Retail prices for beef in the United States hit record highs for five straight months, topping $5 a lb in January before easing in February. Prices for cattle in Texas rose to a record $130 per hundredweight in early March as meat companies scrambled to maintain domestic sales and meet export demand from countries such as Japan, South Korea and Mexico.
But the higher revenues come at a longer-term cost: Many ranchers have had little choice but to sell their calves to feedyards months before the animals are usually ready, depleting supplies of young cattle as devastating drought in the southern Plains decimated pastures, causing the price of hay to treble.
The rush to buy bulls is one of the first signs that ranchers are at last investing in expanding their herds.
“This year we are essentially growing our herd. The bottom line is a calf is worth more money,” said Sara Rehm, chief financial officer of Cross Four Ranch in Miles City, Montana.
She said the ranch, sprawled over 200,000 acres, had already bought about half of the 25 mostly Angus bulls it planned to purchase this year. The cost of between $5,600 and $6,000 each was about $1,500 to $2,500 higher than last year, she said.
On average, Cross Four Ranch buys anywhere from 20 to 45 bulls per year. It purchased nearly 40 bulls in 2011.
Rehm said Cross Four had also retained more heifers for breeding this spring than in the past, thereby increasing the need for bulls. Heifers are young cows that usually have not yet given birth.
“I’d say that’s industry-wide, at least in our country,” Rehm said.
Chris Hurt, an economist at Purdue University in Indiana, said retail prices for beef were expected to rise nearly 7 percent this year from 2011 to about $5.15 per lb on average, adding that the amount of beef available per capita would drop to 55 lb in 2012 from 65 lb five years ago.

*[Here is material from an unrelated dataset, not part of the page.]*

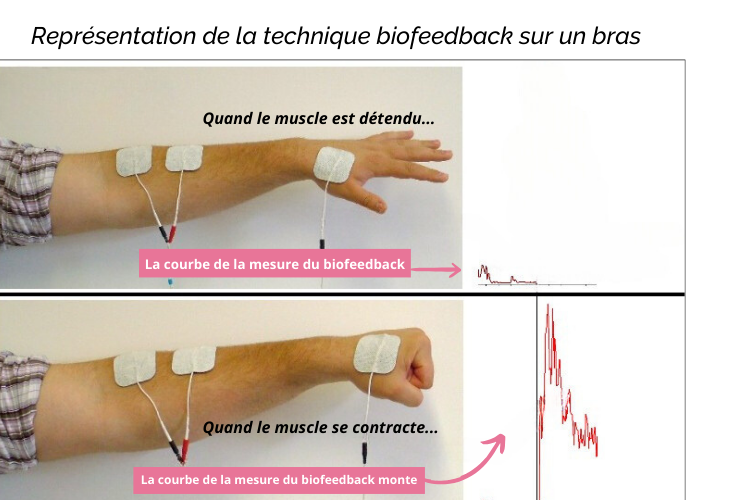 Le principe du biofeedback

The average price of Angus bulls sold at auction in the six months through March rose 21 percent from a year earlier to an average of $4,627 per head, according to the American Angus Association. It says data from 444 reported sales shows 31,278 Angus bulls sold for an overall total of $144 million. For the same period of 2010-2011, bulls averaged $3,803 per head worth a total of $121 million.
The use of filler meat called “finely textured beef” by the industry and referred to by critics as “pink slime” has caused an uproar that has hurt demand for beef and made prices tumble.

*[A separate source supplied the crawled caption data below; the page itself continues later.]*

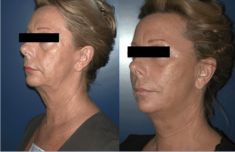Lifting Facial Silhouette Soft - Cliché avant - Dr Simon Lamquin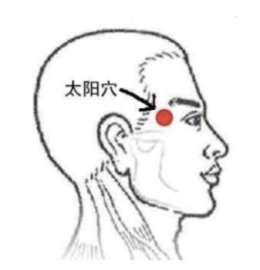 Office syndrome และบทบาทการฝังเข็ม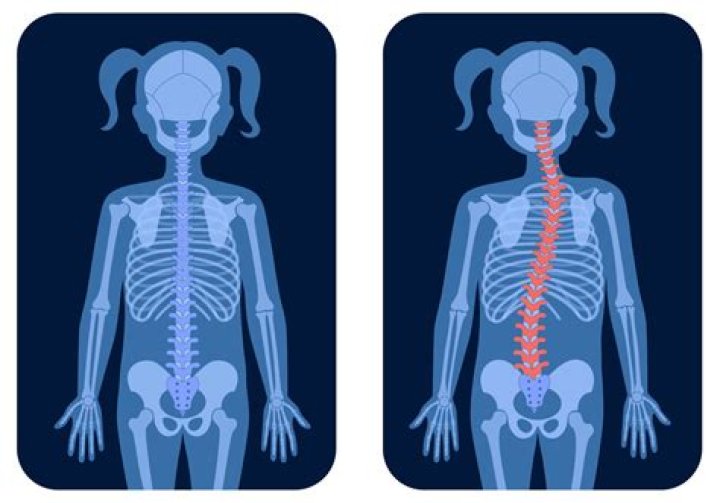 Does scoliosis affect your face?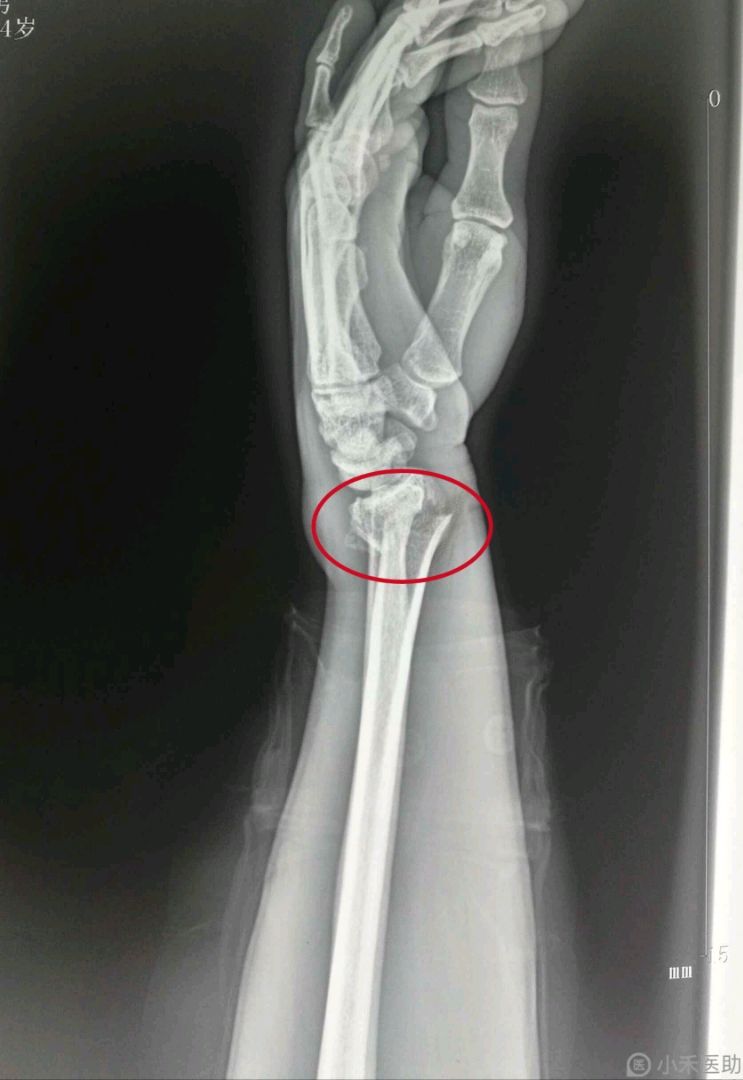 左桡骨远端青枝骨折图片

But few livestock traders see demand waning for the prize bovine specimens that will help restore the cattle herd years down the road, when fears over the filler meat are expected to have faded.
Marvin Kramer, 52, owns Kramer Angus, a family-run operation in Farina, Illinois set up more than five decades ago by Eugene and Marilyn Kramer. He is also the former owner of Kramers Mandate.

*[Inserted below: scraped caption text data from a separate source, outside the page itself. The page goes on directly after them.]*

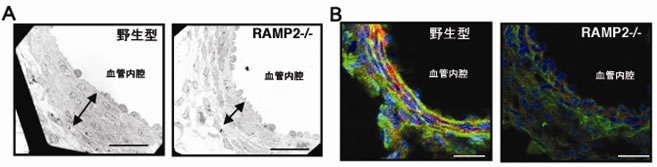 図２　RAMP2ノックアウトマウス(RAMP2-/-)胎仔の大動脈壁構造の異常
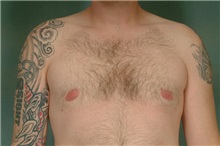 Male Breast Reduction After Photo by Robert Zubowski, MD; Paramus, NJ - Case 23731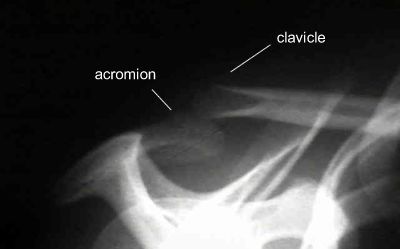 acromioclavicular joint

He said buyers prefer pure-bred bulls that rank highly in traits such as ease of birthing for the cow and how quickly calves would mature -- making them less costly to maintain.
Buyers are also looking for bulls that can produce calves with inter-muscular fat or marbling that consumers associate with tenderness and flavor.
“That commands a premium price from the people who are consuming the beef and he (Kramers Mandate) had all of those things going for him,” he said.
For the new owner of Mandate, Alta Genetics, the bull’s semen will be marketed domestically as well as in other beef-producing counties such as Mexico, Brazil and Australia.
Roger Sosa, beef program director of Alta, based in Alberta, Canada, said Mandate was at the firm’s facility in California, where he would breed naturally for about three months.
This summer he will be moved to another location, where his semen will be extracted for artificial insemination.
Mandate’s future and the revenue the bull generates for Alta largely depend on his productivity, Sosa said.
“A vial, or straw, of semen can go for $5 to $50 per unit. If everything we expect comes to fruition, you can sell for an average of $30 per unit,” he said.
Sosa said Mandate has the potential of producing semen for 10 to 12 years given the way he would be managed.
“He’s going to be a very happy bull. For whatever it’s worth, everything is going to be brought to him,” Sosa said. “He’s going to be in a very cushy environment.”